Turks eye Spanish passport offer as elections approach


As Turks go to the polls for the general election on June 7, some of the country's Jews are applying for Spanish citizenship. They are motivated both by visa-free travel in Europe and the chance to escape what some see as rising antisemitism under Recep Tayyip Erdoğan's premiership.

Spain expelled some 300,000 Jews during the Inquisition in 1492. The country's Sephardic Ancestry Bill, which was due to pass through the Senate in Madrid last week, invites their descendants - as many as 3.5 million Sephardic Jews around the world - to return.

Thousands of Jews in Turkey can trace their ancestry back to Spain and some have already applied for Spanish citizenship. Among them is Yoel Benezra, 31, who works for an export company in Istanbul. He said many members of his family and Jewish friends had applied for a Spanish passport too.

"I would rather live in Spain," said Mr Benezra. "It's a more modern country where people have rights. It's getting more and more uncomfortable living as a Jew here in Turkey. A friend of mine had a daughter two years ago and he is now moving to Canada because he doesn't believe his daughter has a future here." Mr Benezra said he and most of his friends had experienced antisemitism. "Turkish Jews are made to feel like they don't belong, like we're not Turkish. As a friend wrote on Facebook recently, Turkey will never love us as much as we love it."

Milen Nae, a 31-year-old artist, said she was applying for Spanish citizenship "for the freedom of travel that it brings. I might settle somewhere else in the future, but not because of growing antisemitism in Turkey, a country that I love, but because of the growing anti-humanism that the government here is creating".

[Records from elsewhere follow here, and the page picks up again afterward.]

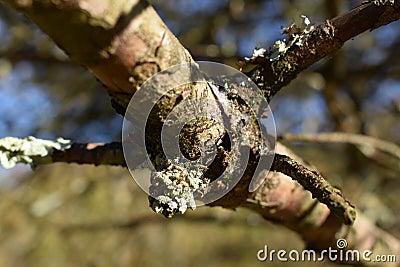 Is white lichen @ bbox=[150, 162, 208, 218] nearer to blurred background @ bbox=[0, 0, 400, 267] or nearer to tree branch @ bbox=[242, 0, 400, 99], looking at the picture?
tree branch @ bbox=[242, 0, 400, 99]

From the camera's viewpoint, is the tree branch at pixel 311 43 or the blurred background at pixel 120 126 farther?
the blurred background at pixel 120 126

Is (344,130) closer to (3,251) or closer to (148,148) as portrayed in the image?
(148,148)

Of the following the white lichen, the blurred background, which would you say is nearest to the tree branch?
the white lichen

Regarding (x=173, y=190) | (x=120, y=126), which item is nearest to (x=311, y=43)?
(x=173, y=190)

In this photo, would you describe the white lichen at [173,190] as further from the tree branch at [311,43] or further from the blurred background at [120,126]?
the blurred background at [120,126]

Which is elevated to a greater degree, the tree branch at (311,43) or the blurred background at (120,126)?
the tree branch at (311,43)

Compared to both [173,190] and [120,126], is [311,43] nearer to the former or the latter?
[173,190]

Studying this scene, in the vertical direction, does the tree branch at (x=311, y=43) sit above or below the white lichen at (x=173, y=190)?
above

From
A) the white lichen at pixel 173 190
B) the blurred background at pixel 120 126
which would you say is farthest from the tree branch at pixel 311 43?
the blurred background at pixel 120 126

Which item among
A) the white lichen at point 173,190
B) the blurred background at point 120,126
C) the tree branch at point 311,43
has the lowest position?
the blurred background at point 120,126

However, not everyone agreed that Turkey was unsafe for Jews. An official from the Izmir Jewish community said he had no plans to apply for Spanish citizenship and did not intend to leave Izmir, which he called a "tolerant city".

He said he knew of other Jews who had applied for and been granted Spanish citizenship, although none of them had left yet. He said he suspected visa-free travel in Europe was the main motivation, insisting that "as in all over the world, in Turkey anti-Israeli sentiments tend to turn into anti-Jewish sentiments, but apart from that everything is okay here".